At that age, I couldn’t wrap my head around anything more than everyone witnessing my mother scolding me for sitting like a prostitute. She wouldn’t even listen to me, and once again I felt jilted by her insisting I was acting out of some sort of evil, sinful nature.
The following year, some friends were over for a swim. We had a substitute nanny who didn’t want wet kids running through the house, so we had to all change in the cabana. I tried to go into the bathroom and she told me I couldn’t because there were too many of us and it wouldn’t be fair to the others. I was terrified to change in public.
Luckily, my father arrived home. He carried me into the house and told me this is my house, I can do as I please, saving me from the commandeering, nincompoop nanny.

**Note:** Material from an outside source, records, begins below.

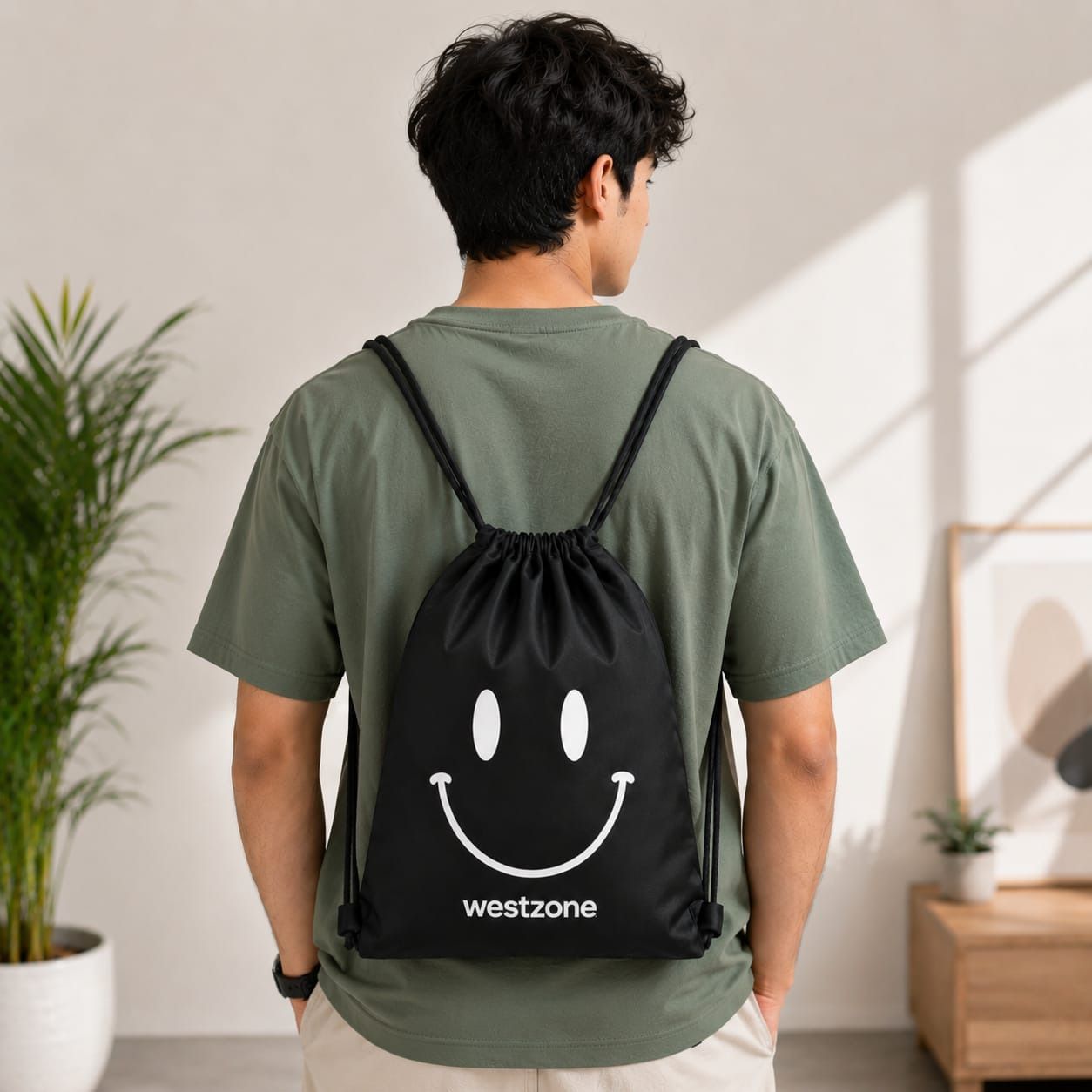 Small 10 L Backpack Drawstring Backpack Bag Men | Lightweight Gyms Bags smiley-image-28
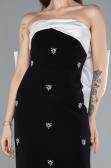 Robe de Soirée Longue Noir-Blanc ABU4716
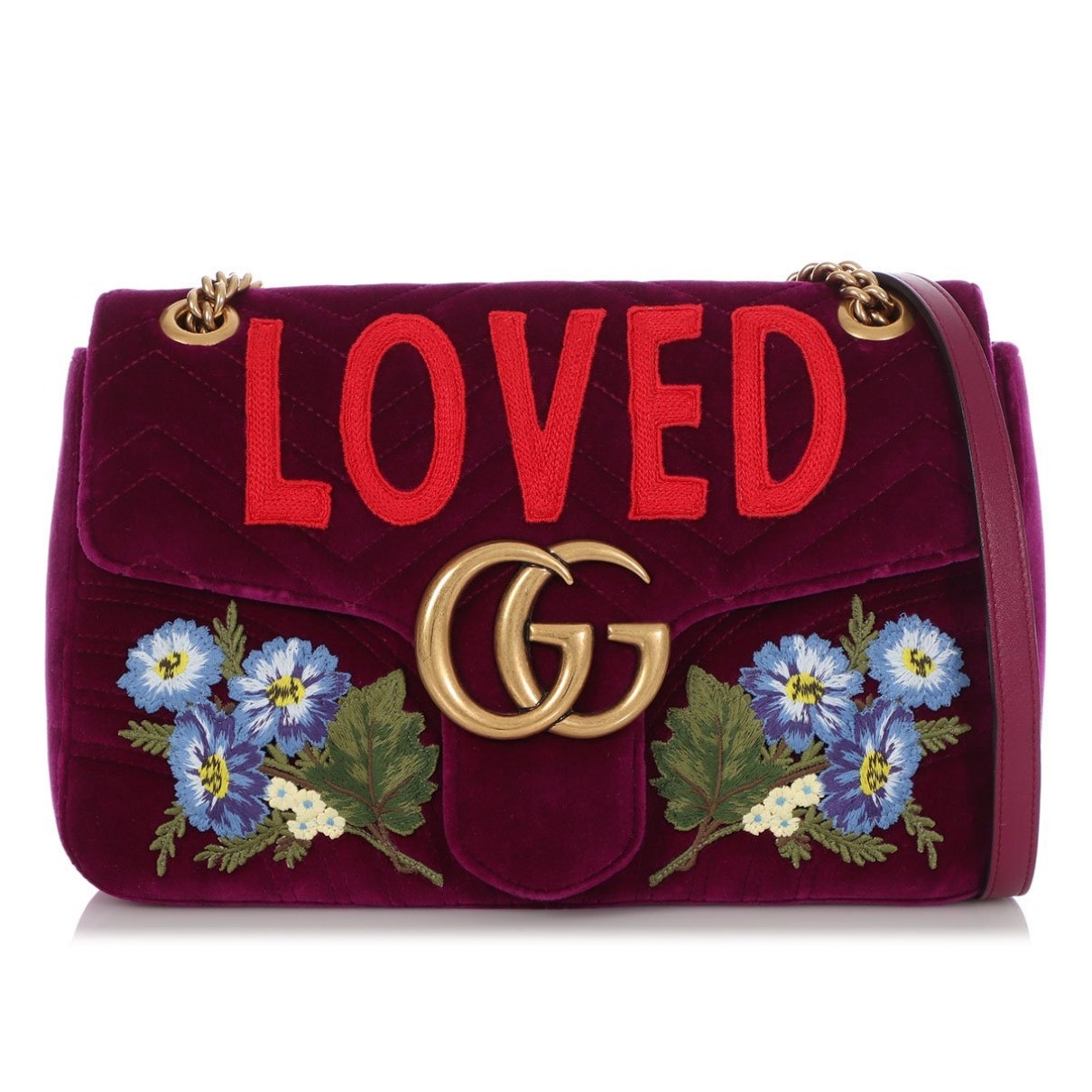 Gucci marmont multicolour velvet handbag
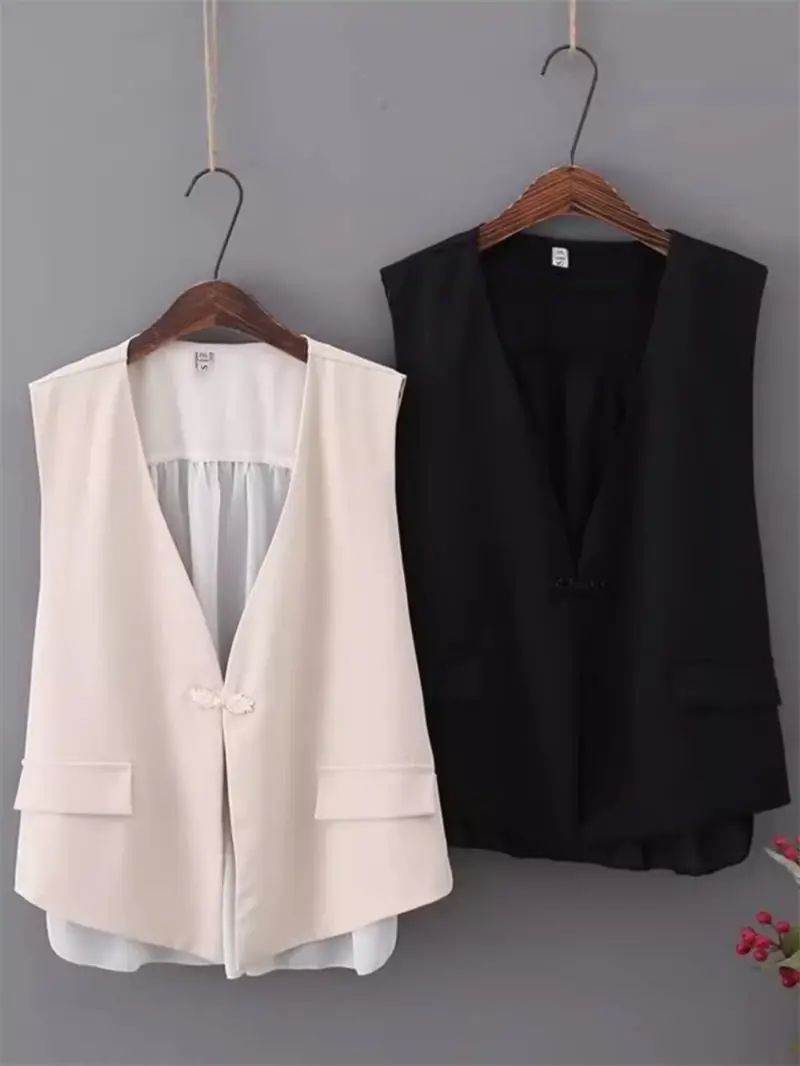 

Модный женский костюм большого размера, жилет, Новинка лета 2024, стройнящий пиджак без рукавов с V-образным вырезом и пряжкой, K1009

Over the years, as my body developed, I welcomed my blossoming chest, defining waist line, and curvy hips with excitement. I found it to be beautiful and sexy, contrary to any reasonable person’s anticipated consequence of my first exposure to sexuality. As men started seeing me as more than a kid, I noticed how powerful, and almost dangerous having these assets were. I enjoyed receiving the attention of a more mature person. And yet, I was uncomfortable with the way the opposite sex became almost afraid of me.
However, saying or showing that I loved my new body was wrong, so again, a secret was kept.With the exception of a few rebellious teenage years, I maintained my cultural identity by covering my skin and minimizing my curves as a way of preserving my bodily innocence.
This cultural behavior is a way of respecting my body, not only for myself, but also for my future husband, allowing one person to enjoy my sacred gift and not minimizing my value by giving it freely or flaunting it in front of others.
Some mistake this requirement as shame. I only felt embarrassment in my childhood, but now, I feel a wholesome relationship with my values. Without my primary experiences and warnings about display of skin or sexuality, I wouldn’t have been prepared for the adult world.